From the Journal of Faris Khan
On Vampire High Society, and the Cost of Attendance
Vampire high society is not decadent in the way humans imagine. It is precise. Controlled. Exhaustingly intentional. Every gathering exists to confirm hierarchy, not to enjoy it. Pleasure is permitted only when it reinforces order. Excess is tolerated only when it proves immunity to consequence.
I have attended enough of these events to understand their true function: they are audits of relevance.
Remi moves through them like a blade wrapped in silk. He does not flatter, does not perform. He is tolerated because he is old, dangerous, and inconvenient to erase cleanly. Purebloods watch him with the kind of respect reserved for storms—something you acknowledge but do not invite indoors. He speaks little, drinks less, and leaves early. That alone unsettles them.
The Crimson Dirigible Salon was the first. A floating reception held above the lower wards, where chandeliers sway with the ship’s motion and conversations drift just slightly out of sync with gravity. The music was slow, deliberate—composed to elongate time. Remi stood with his back to the rail, eyes on the city below, while noble vampires debated whether humanity had reached “acceptable sustainability.” One asked Remi if swords still mattered in an age of engines.
He replied, calmly, “Only when people lie.”
The questioner did not pursue the matter.
Another evening was the Gala of Arrested Dawn, held near the Reliquary that officially does not exist. Attendance there is an act of loyalty. The walls were dressed in silverless white, aggressively clean, as if denial itself were a design choice. I noticed Remi tense—not at the relics, but at how casually they were discussed. Objects with souls reduced to curiosities. I quoted softly, “Do not walk upon the earth arrogantly” (Qur’an 17:37). A nearby countess laughed, assuming it was a proverb about humility. It was not meant for her.
Remi and I left before the final toast.
The most instructive event, however, included Dracula himself.
It was not a gala. It was a private colloquy, held in a restored opera chamber beneath the Imperial Ward. No music.
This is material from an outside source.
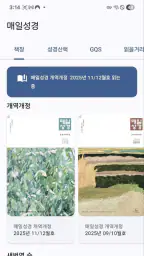 매일성경 - 모바일 screenshot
No spectacle. Only seating arranged to force eye contact. Dracula presided without a throne, standing among them like a host who does not need furniture to be obeyed.
The topic was reform. The Crescendo had been mentioned. Carefully.
Dracula listened. He always does. When he spoke, it was not to argue but to reframe. He praised restraint, mocked nostalgia, and spoke of cruelty as an inefficiency problem rather than a moral one. The room adjusted itself around his tone. Agreement followed without being demanded.
At one point, he turned to Remi and asked, almost kindly, whether honor could survive eternity.
Remi answered, “Only if it is allowed to end things.”
Dracula smiled. Not offended. Amused. He looked at me next, eyes sharp with curiosity rather than threat. “And you,” he said. “You still believe meaning survives pressure.”
I answered, “Pressure reveals meaning. It does not create it.”
The room went quiet—not because they disagreed, but because the statement could not be easily repurposed.
We were dismissed shortly after. That is how power works here. Not through expulsion, but through the removal of usefulness.
Walking out with Remi, I understood why these gatherings endure. They are not celebrations. They are maintenance rituals. They reassure the Night that it is still admired.
Remi despises them because they mistake stillness for stability. I endure them because understanding your enemy requires watching what they do when they believe themselves safe.
High society under the Forever Night is immaculate, bloodless, and deeply afraid of anything that does not need permission to exist.
That is why men like Remi are invited.
That is why men like me are tolerated.
And that is why Dracula never misses an opportunity to watch us both.